• **TASK ITEM**
Pictures do not belong in the copy, so please give every entry below again exactly.

• **INFORMATION PROVIDED**
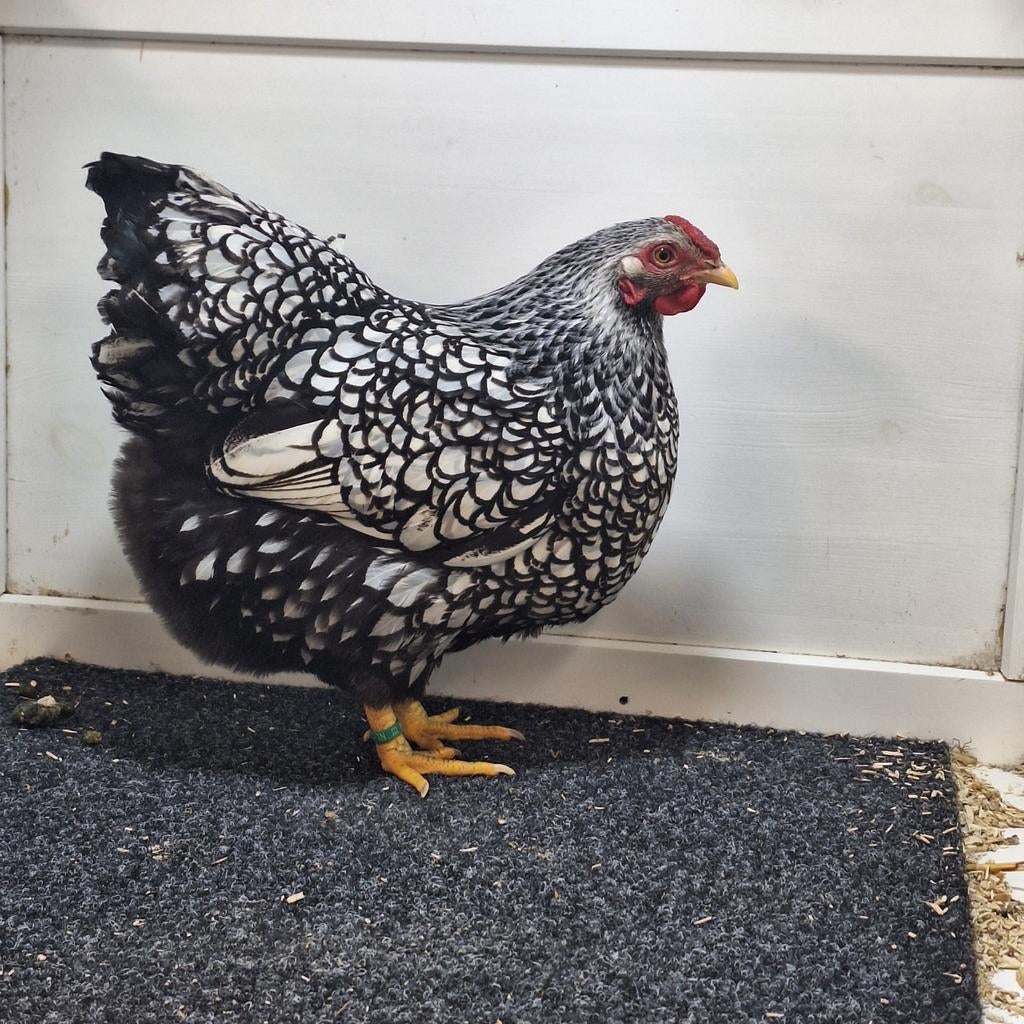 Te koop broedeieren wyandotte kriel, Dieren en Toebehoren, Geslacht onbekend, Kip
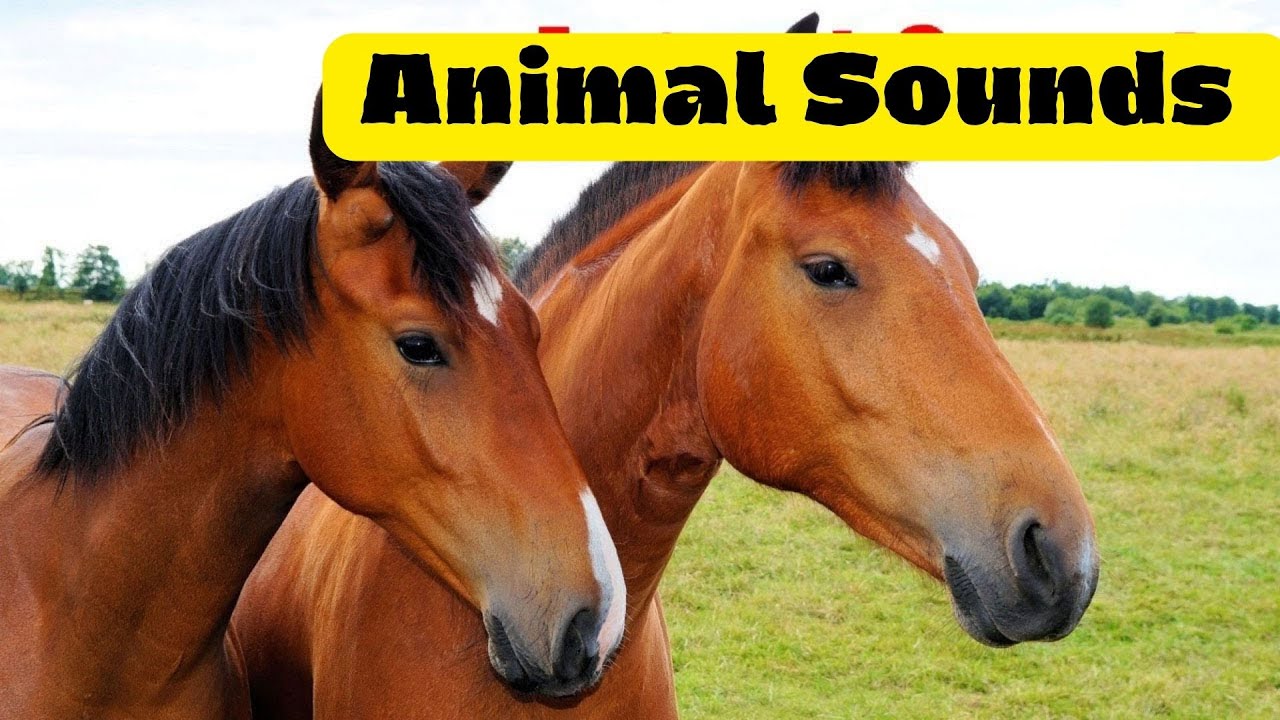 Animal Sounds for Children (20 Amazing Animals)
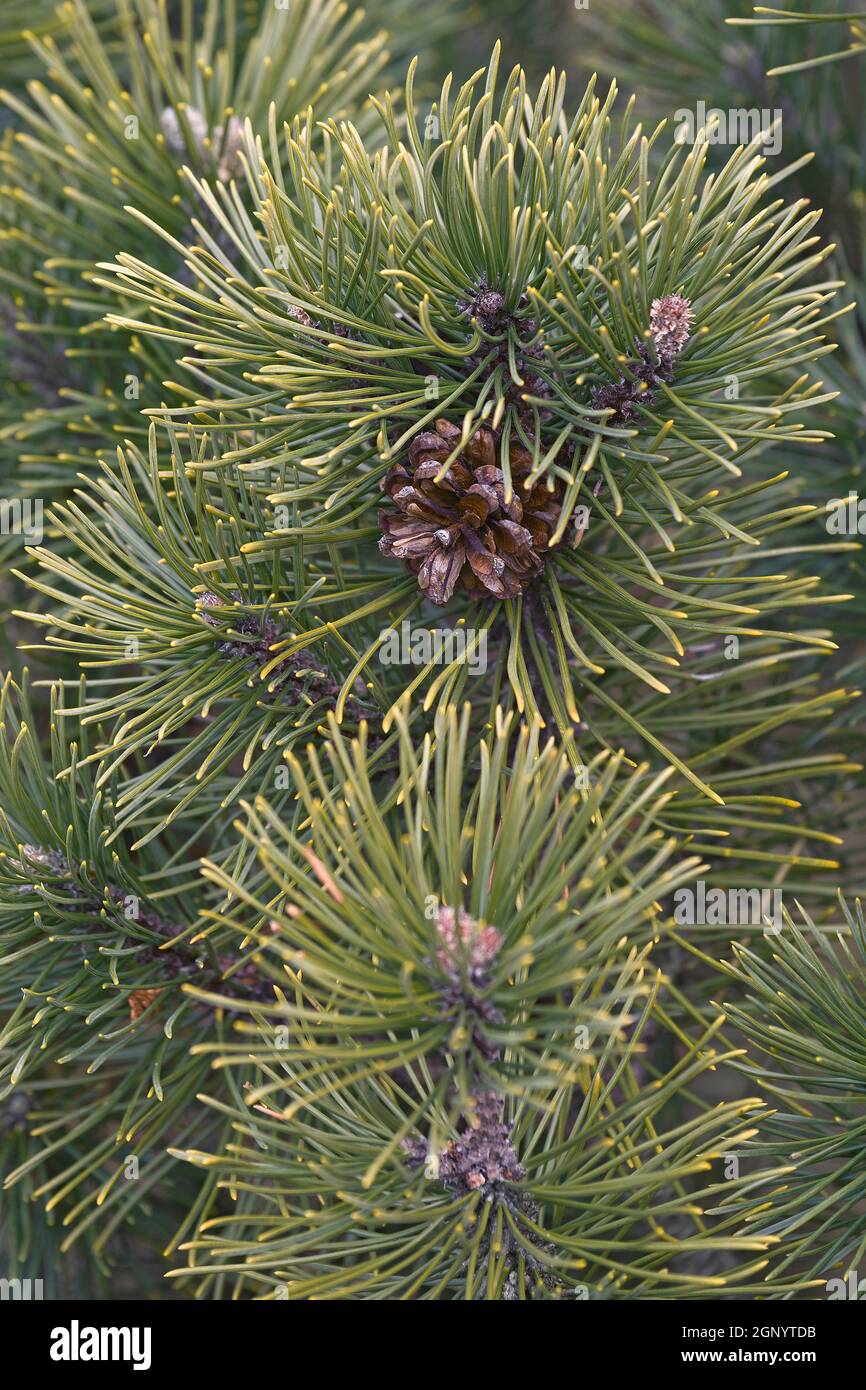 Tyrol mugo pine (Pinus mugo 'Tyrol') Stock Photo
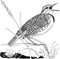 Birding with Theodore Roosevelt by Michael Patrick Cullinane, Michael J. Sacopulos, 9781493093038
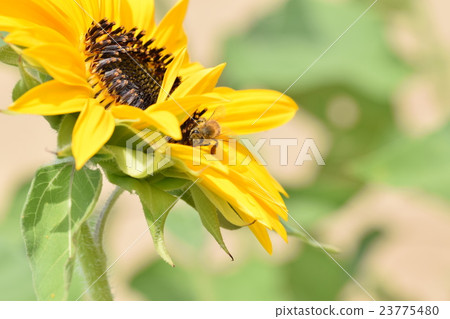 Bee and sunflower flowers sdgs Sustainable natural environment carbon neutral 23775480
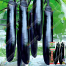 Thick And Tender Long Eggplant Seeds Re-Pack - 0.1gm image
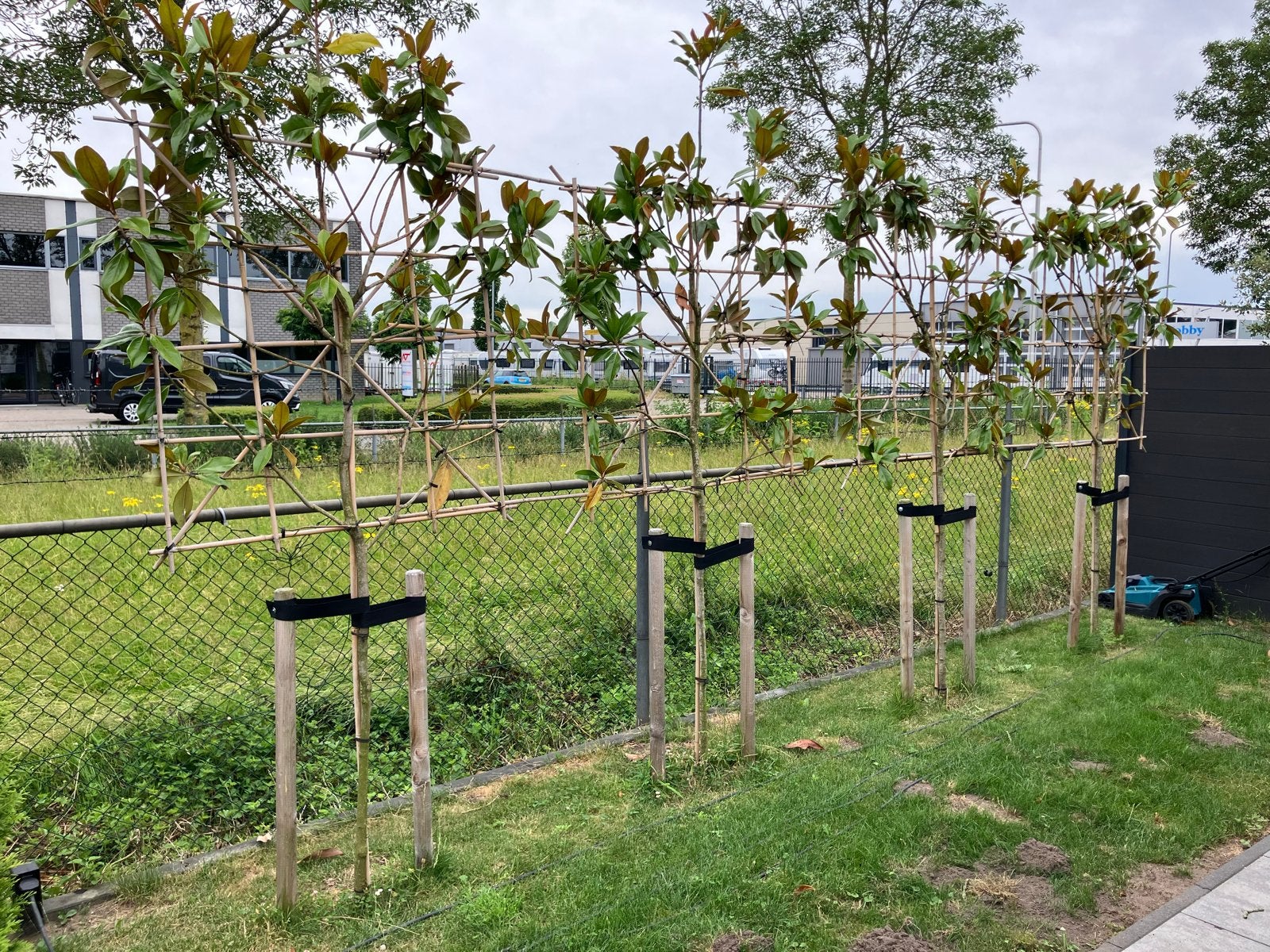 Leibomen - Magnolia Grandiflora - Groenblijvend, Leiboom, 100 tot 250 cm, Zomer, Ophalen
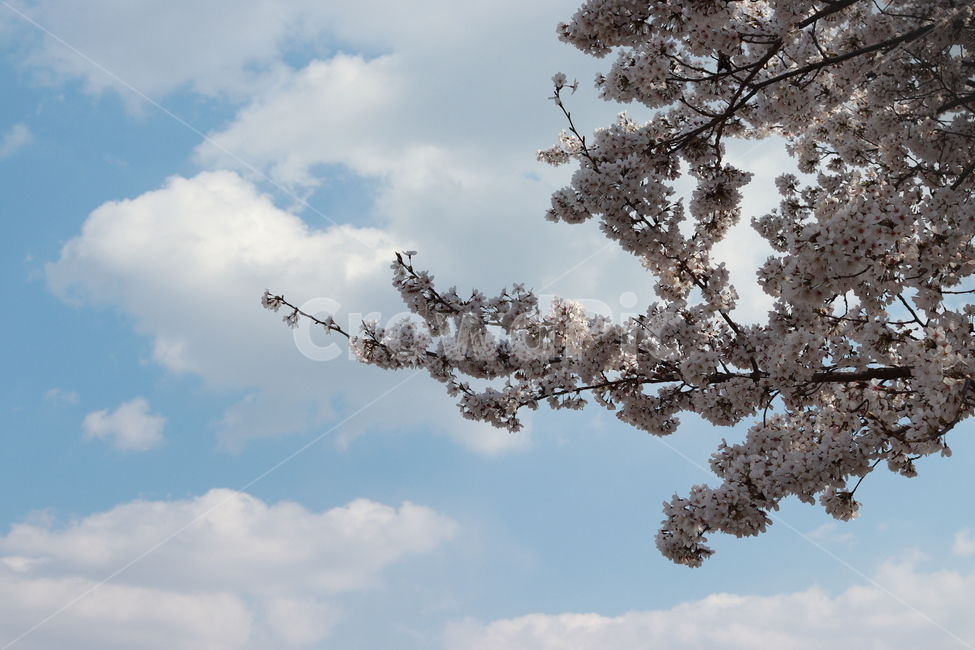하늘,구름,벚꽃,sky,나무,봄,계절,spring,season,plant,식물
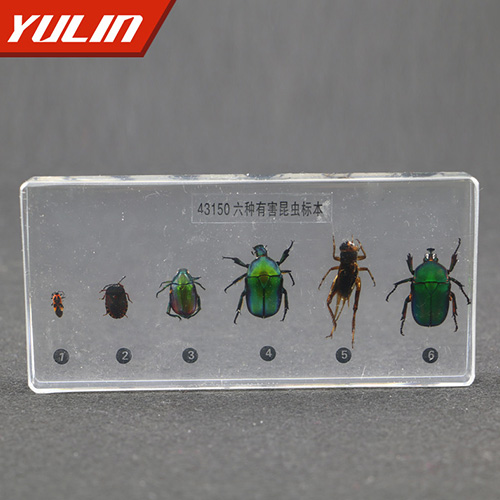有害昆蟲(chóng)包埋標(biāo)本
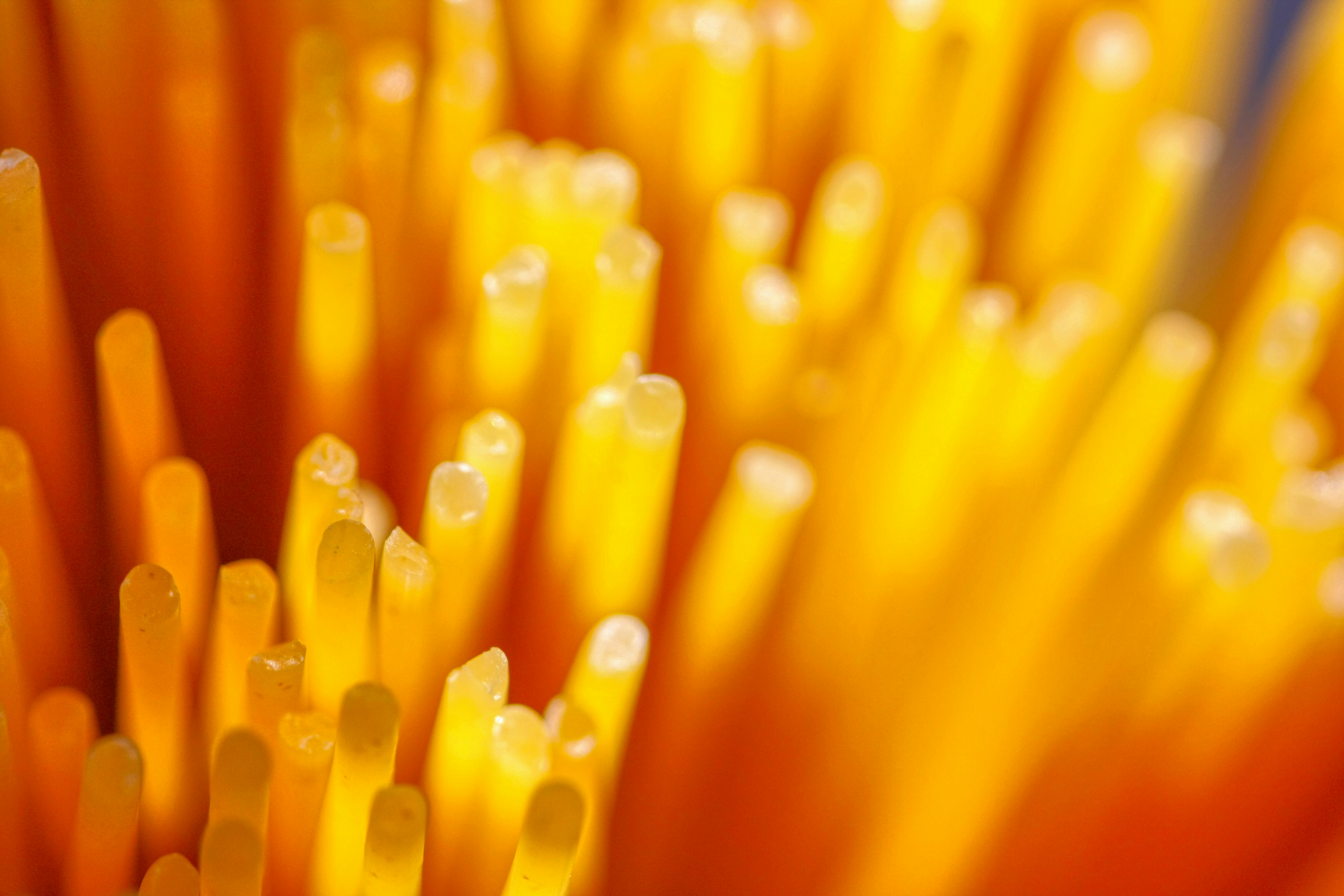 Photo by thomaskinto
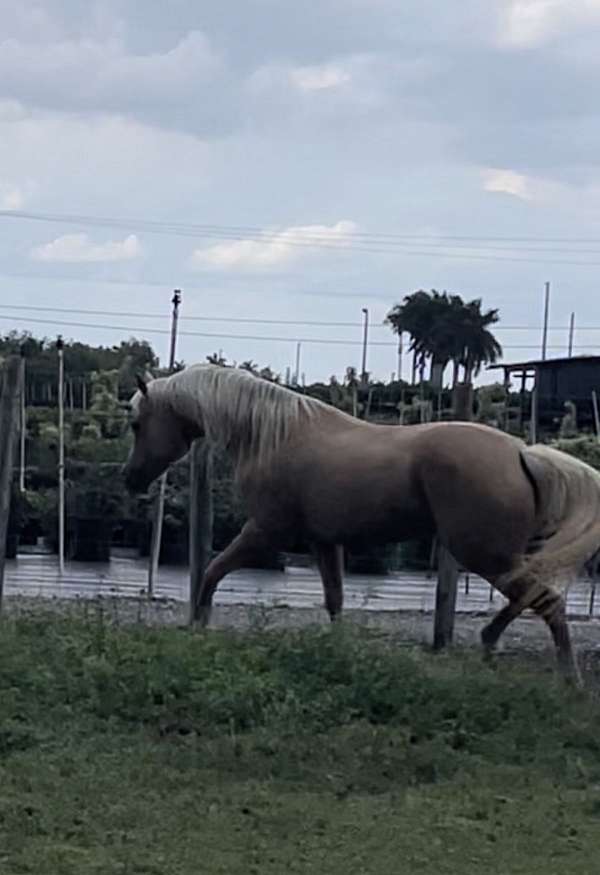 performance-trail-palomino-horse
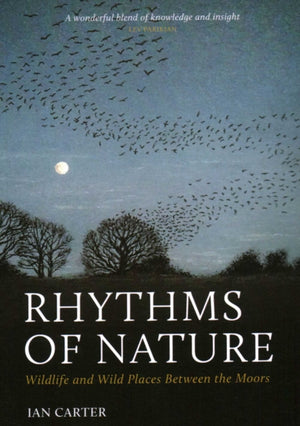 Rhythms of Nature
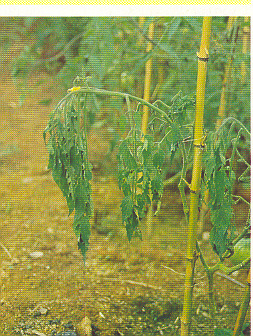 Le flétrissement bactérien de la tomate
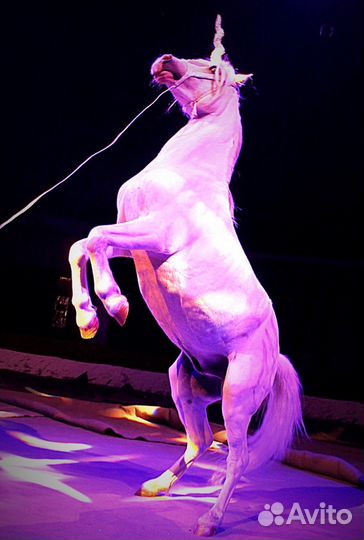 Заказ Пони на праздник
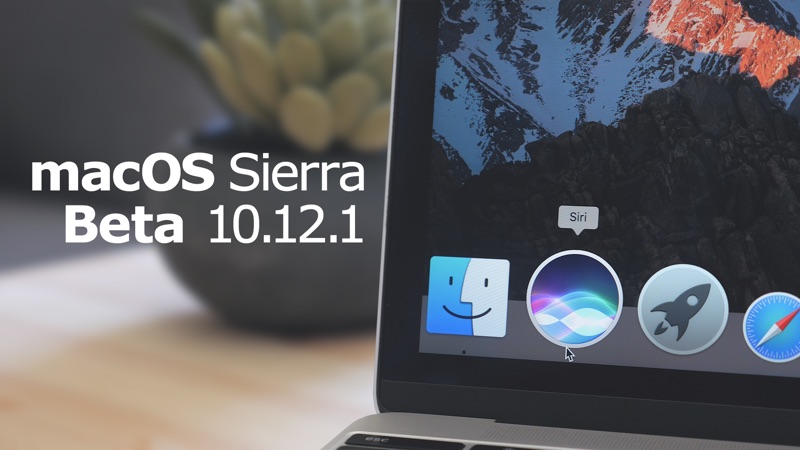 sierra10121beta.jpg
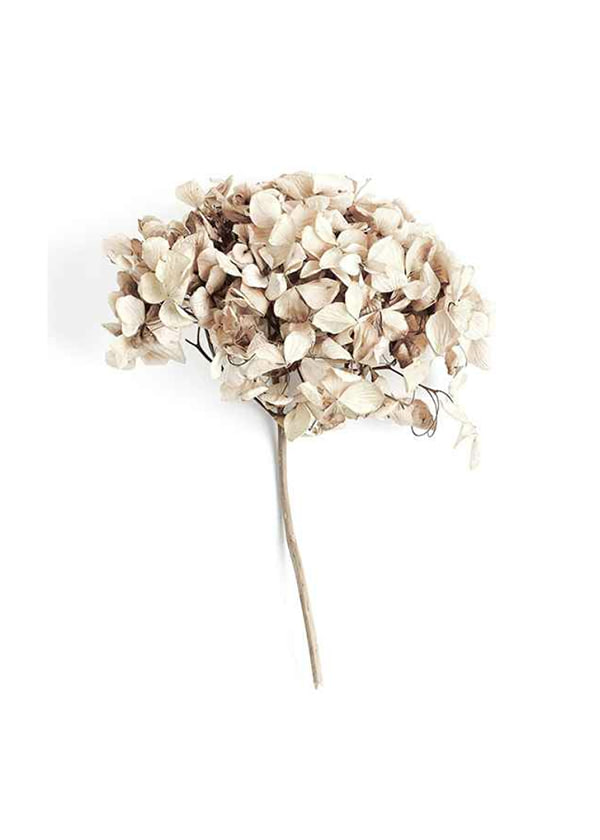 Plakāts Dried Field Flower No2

• **ANSWER SECTION**
 Te koop broedeieren wyandotte kriel, Dieren en Toebehoren, Geslacht onbekend, Kip
 Animal Sounds for Children (20 Amazing Animals)
 Tyrol mugo pine (Pinus mugo 'Tyrol') Stock Photo
 Birding with Theodore Roosevelt by Michael Patrick Cullinane, Michael J. Sacopulos, 9781493093038
 Bee and sunflower flowers sdgs Sustainable natural environment carbon neutral 23775480
 Thick And Tender Long Eggplant Seeds Re-Pack - 0.1gm image
 Leibomen - Magnolia Grandiflora - Groenblijvend, Leiboom, 100 tot 250 cm, Zomer, Ophalen
하늘,구름,벚꽃,sky,나무,봄,계절,spring,season,plant,식물
有害昆蟲(chóng)包埋標(biāo)本
 Photo by thomaskinto
 performance-trail-palomino-horse
 Rhythms of Nature
 Le flétrissement bactérien de la tomate
 Заказ Пони на праздник
 sierra10121beta.jpg
 Plakāts Dried Field Flower No2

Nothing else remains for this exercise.